Changes in the print industry have seen sub-areas arise from business units. From a printing company with clearly defined job descriptions, technological developments then led to the creation of a communication company that of course still needed well-trained staff. At the same time, we found that the market itself had changed: in contrast to the past, today we almost always have peaks in our work — so that we for example then need 90 instead of the usual 30 employees in a particular area for one month. This depends of the decision-making processes of our customers as well as on the economic and political situation. You have to be able to respond very quickly and flexibly. However, a company must be of a certain size in order to be able to serve not only small but also internationally oriented large customers successfully — but it is not economically possible to recruit new staff for peaks, then keep them on the payroll all year round. Nor did relying on freelance or contract workers seem to us to be the way forward. So we decided that our employees would need to become multi-specialists: A printer, for example, can thus also work in warehousing or logistics, the bookbinder becomes a packaging technician and the media designer performs work in printing plate production or in the creative sector. This allows us a certain degree of flexibility for deploying staff in our various departments at peak periods.
How did your staff cope with these changes — how did they react?
While for most of our employees this process was and remains a challenge, it was also seen as an opportunity. Many have discovered entirely new skills — and the job profile has virtually modernised itself and enormously gained in attractiveness. We started on this new path some four years ago, and we have kept on it. Staff are more and more convinced of the benefits of working as a multi-specialist. Another positive side effect is that team thinking has greatly improved. In retrospect I think that the digital transformation is a development opportunity for us and that, thanks to the switch to multi-specialisms, we have successfully made the leap into the new print market rather than — like many other businesses — simply giving up on it.
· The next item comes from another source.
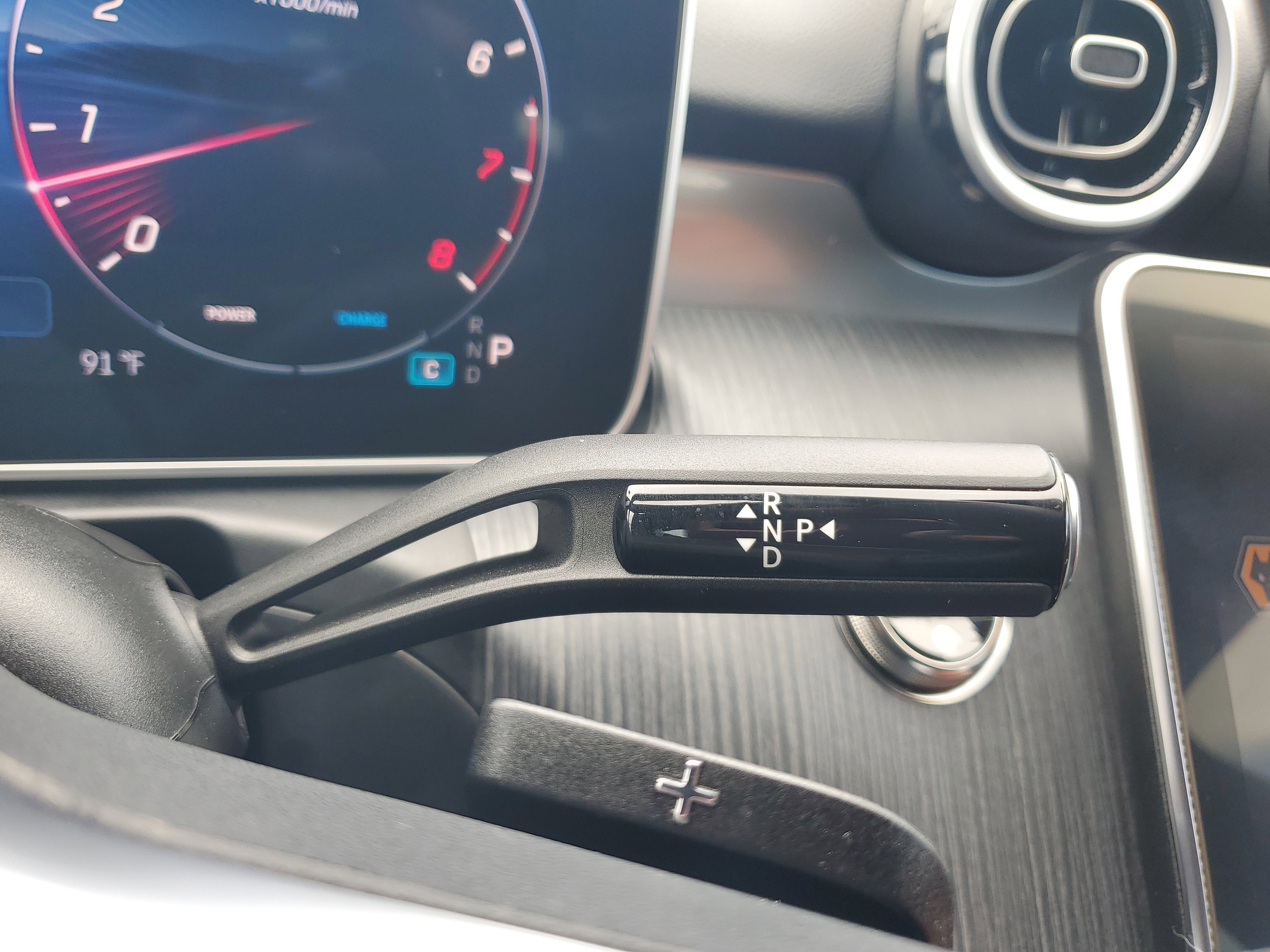 Used 2025 Mercedes-Benz C 300 Sedan image 22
What role do millennials play in this change and how do they address the issue of work in general?
Millennials have grown up with the idea that technologies and professions are constantly changing. This is not a cause for alarm with them — they in fact see the possibility of specialising in several areas as a positive factor. They generally have high expectations of the working atmosphere, while demanding a clear focus and aim, as well as requiring values. They do not want merely to be a number and they expect a high degree of communication, both internal and external. Appreciation is very, very important for them.
I have the impression that they contribute a very high level of education and plenty of knowledge — it is just that this can sometimes be superficial. If they however succeed in building up a relationship, they feel comfortable and will be committed to the company. This requires a great deal of communication, including a focus on issues that perhaps have less to do with the work itself than with their attitude to life in general. Sometimes I feel that members of Generation Y lack a sense of reality and responsibility. Too often they rely on the notion that “somebody else will do that”. They maybe lack — particularly when starting out in the world of work – a certain awareness that you not only have to perform your work somehow, but also complete your tasks.
But I am decidedly against being critical of an entire generation. I see many positive sides — and it is obviously the task of the company and its management to let these shine. For some the entry into the world of work is a rude awakening, and they not infrequently fail to make it in their first or second jobs. In my experience, however, their wide-ranging education, their openness, a certain levity and their optimism all come to the fore — making them undoubtedly a valuable addition to the jobs market.